From the first line to the last, restate the material word for word; pictures stay out.

▶ [Data shown]
◇ ◇ ◇ ◇ ◇

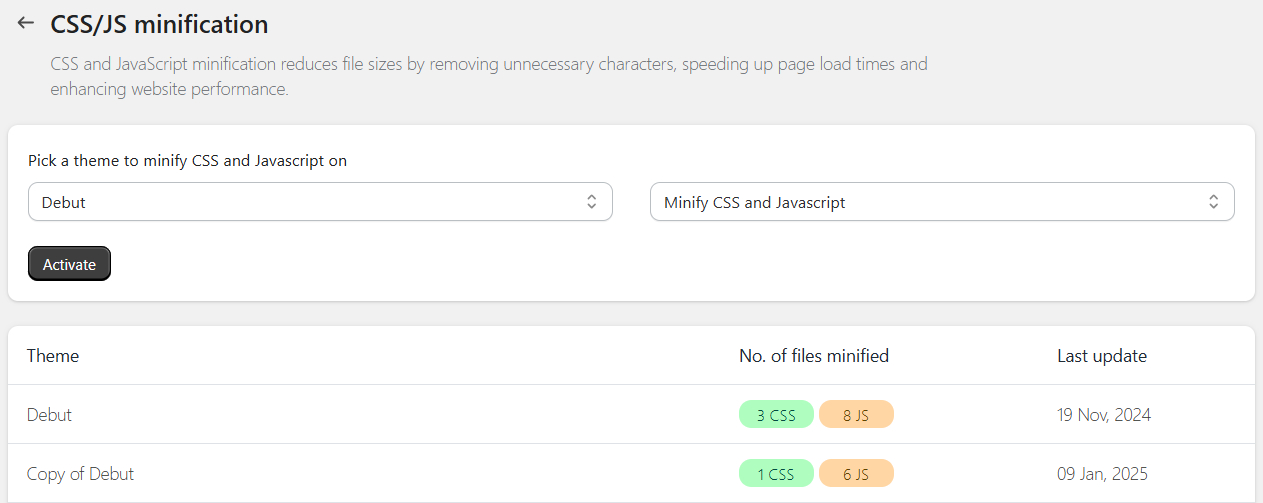 TinyIMG CSS/JS minifier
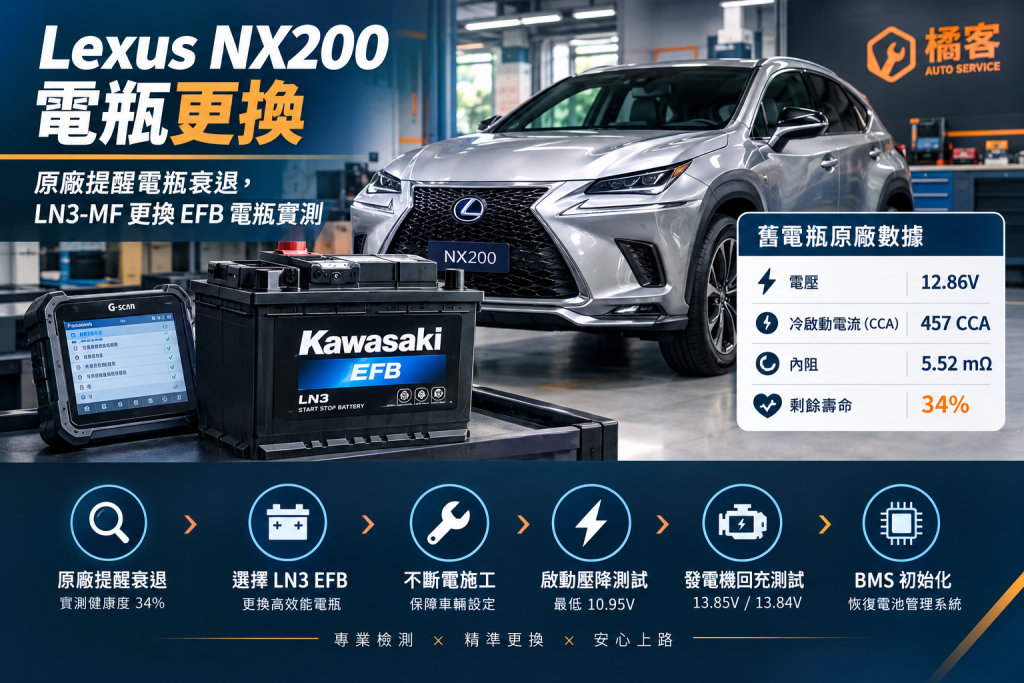 Lexus NX200 電瓶更換，原車 LN3-MF 更換 Kawasaki LN3 EFB，實測電瓶健康度與 BMS 初始化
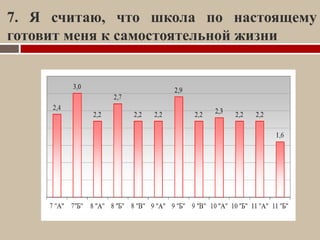 7. Я считаю, что школа по настоящему готовит меня к самостоятельной жизни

◇ ◇ ◇ ◇ ◇

▶ [Problem solution]
 TinyIMG CSS/JS minifier
 Lexus NX200 電瓶更換，原車 LN3-MF 更換 Kawasaki LN3 EFB，實測電瓶健康度與 BMS 初始化
 7. Я считаю, что школа по настоящему готовит меня к самостоятельной жизни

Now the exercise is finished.